Conforme apurado pela reportagem, na ligação, ela solicitou o atendimento no INSS e logo em seguida já informou o endereço de sua residência. Neste momento, o agressor estava em casa, próximo a ela, por isso ocultou a realidade dos fatos no diálogo.

De imediato, o policial percebeu que se tratava de um pedido de socorro velado e empenhou uma viatura da PM até o local.

Ao chegar na residência, os militares encontraram a vítima sob amparo dos vizinhos.

A mulher relatou que foi enforcada, agredida e ameaçada de morte com uma arma branca pelo companheiro. Durante a briga, ele quebrou o celular dela. Ela estava machucada nos braços.

O autor fugiu, mas logo em seguida foi localizado pelos policiais.

A vítima e o autor foram encaminhados à Delegacia Especializada de Atendimento à Mulher (DEAM) para as providências legais cabíveis.

Polícia Militar de Mato Grosso do Sul está atenta e é sensível em casos de pedido de socorro disfarçados, em situações onde mulheres, vítimas de violência doméstica, acionam socorro pedindo “pizza”, “lanche” ou “táxi”.

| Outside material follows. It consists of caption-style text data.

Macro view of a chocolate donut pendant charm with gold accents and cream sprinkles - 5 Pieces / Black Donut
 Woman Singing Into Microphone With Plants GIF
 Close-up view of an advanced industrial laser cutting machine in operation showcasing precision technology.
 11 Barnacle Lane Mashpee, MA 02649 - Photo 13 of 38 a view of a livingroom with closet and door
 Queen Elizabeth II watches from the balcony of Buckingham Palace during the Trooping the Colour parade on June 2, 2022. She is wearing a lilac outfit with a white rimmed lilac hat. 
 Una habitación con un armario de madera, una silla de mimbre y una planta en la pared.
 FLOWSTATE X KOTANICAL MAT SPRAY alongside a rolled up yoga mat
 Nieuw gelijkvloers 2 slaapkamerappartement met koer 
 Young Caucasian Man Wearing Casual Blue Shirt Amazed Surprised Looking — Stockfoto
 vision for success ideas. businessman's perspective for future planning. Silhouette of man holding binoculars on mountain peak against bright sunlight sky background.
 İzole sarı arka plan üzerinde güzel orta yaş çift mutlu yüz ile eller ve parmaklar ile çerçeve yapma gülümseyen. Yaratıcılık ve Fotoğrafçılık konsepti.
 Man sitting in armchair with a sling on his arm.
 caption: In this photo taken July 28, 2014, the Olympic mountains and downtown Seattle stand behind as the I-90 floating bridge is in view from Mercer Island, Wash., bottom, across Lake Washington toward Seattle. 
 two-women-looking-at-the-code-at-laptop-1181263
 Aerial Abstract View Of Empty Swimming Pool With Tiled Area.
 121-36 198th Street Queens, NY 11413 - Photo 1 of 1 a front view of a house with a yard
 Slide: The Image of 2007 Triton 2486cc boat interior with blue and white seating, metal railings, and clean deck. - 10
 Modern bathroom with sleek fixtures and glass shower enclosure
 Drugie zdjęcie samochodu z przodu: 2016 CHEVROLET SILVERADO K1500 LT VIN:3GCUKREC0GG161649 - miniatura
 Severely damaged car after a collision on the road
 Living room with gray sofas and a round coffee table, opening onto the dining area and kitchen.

"A PMMS reitera seu compromisso com a proteção à mulher e orienta que denúncias de qualquer tipo de violência podem ser feitas imediatamente pelo telefone 190. Destacamos mais uma vez a importância da denúncia, sendo que nossos policiais estão preparados para atender da melhor forma possível", informou a PMMS por meio de nota enviada ao Correio do Estado.

Em 3 de setembro de 2025, ocorreu outro caso parecido: uma mulher, de 25 anos, ligou para a polícia pedindo um "táxi", em uma fazenda localizada na área rural de Vista Alegre, em Maracaju (MS).